Proposition 87 — YES

We really hate to say it, but when Bill Clinton talks, we listen. Seriously though, air quality issues, crippling dependence on oil, and a lack of alternative energy options — these are all problems that California faces, and Prop. 87 attempts to address them. We’ve got to start somewhere: A tax on California oil producers to establish alternative energy programs sounds like a good place.

Proposition 88 — YES

Our schools are overcrowded and under funded, and despite the Orwellian-ishly named “No Child Left Behind” Act, kids are being left behind. Something needs to be done. Prop 88 guarantees an additional $500 million for public education through a $50-a-year statewide parcel tax, which is a necessary and affordable investment in an institution that is failing too many children.

Proposition 89 — YES

Most people already think that campaign spending has gotten completely out of hand. Prop 89 reins in money that special interest groups pour into state campaigns and imposes new campaign contribution/expenditure limits. Publicly financing campaigns could finally give third parties a fair shot. What a novel idea!

Proposition 90 — NO

Prop 90 has been called the “protect our homes” initiative — and we’re all for that. The proposition does increase eminent domain compensation for property owners, prohibits seizures and limits the use of eminent domain to “projects of public use.” The problem is that’s not all it does.
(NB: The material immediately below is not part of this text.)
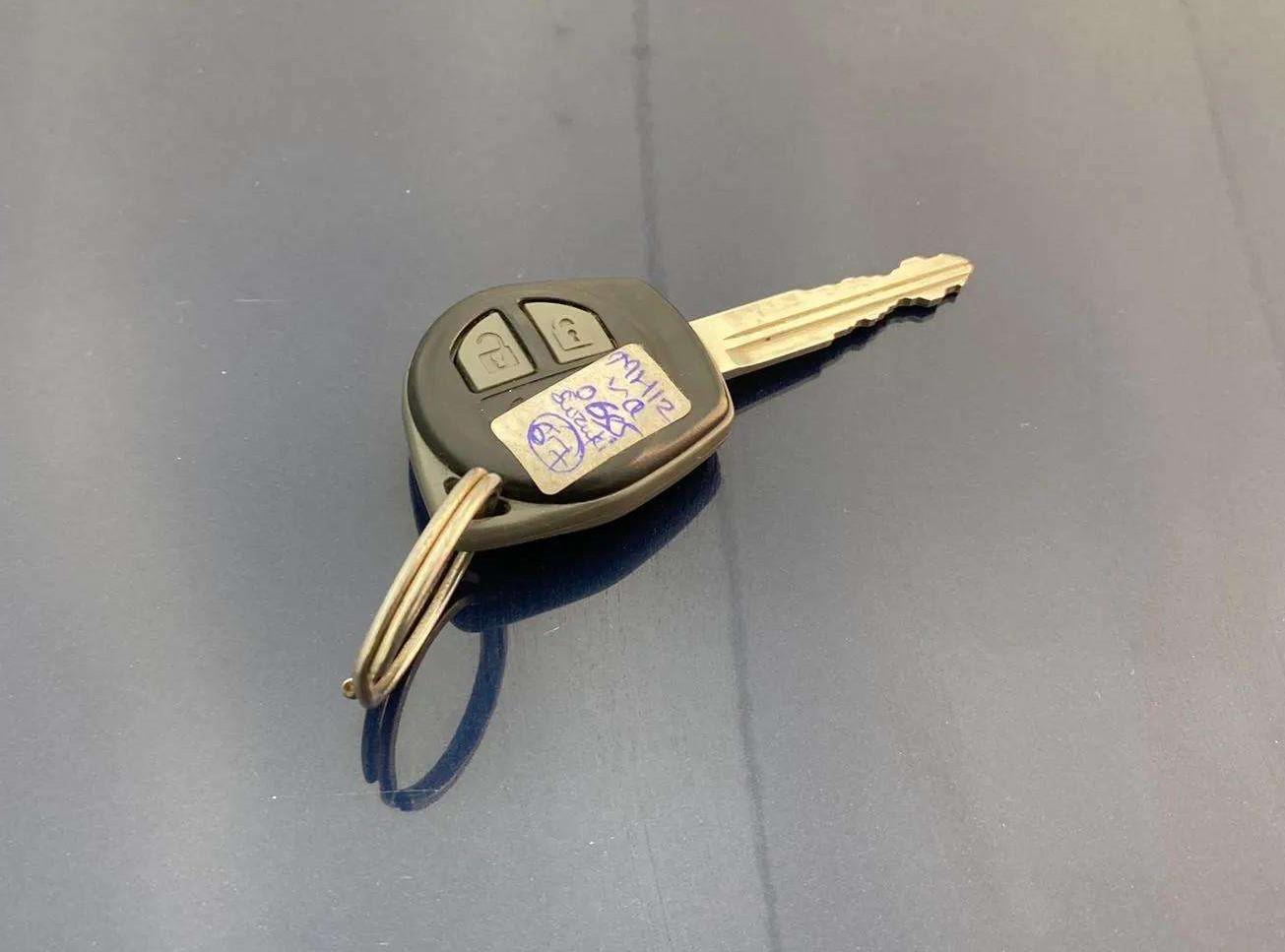 2023 Maruti FRONX DELTA PLUS 1.2L AGS, Petrol, Automatic, 13,378 km, Key Close Up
The practice of eminent domain does need to be seriously revamped, (which seems to be the one thing that those on both sides of the proposition agree on) but Prop 90 — which includes a clause that allows pretty much anyone to file suit by claiming that a new law or regulation has impacted the value of a property or business — could cause more problems than it solves.

Local Measures

Measure P6 — YES

Regardless of political persuasion, nobody likes higher taxes. But the nitty-gritty on P-6 is that an increase in sales tax from 7.25 percent to 7.5 percent would very likely spell the difference between life and death. And isn’t that worth the $2.50-tax paid for every $1,000 spent on taxable items? While the increase could be a challenge for those on low, fixed incomes, most of us could find enough spare change in our couch cushions to improve first-responder response times, make our streets safer and save lives in the process.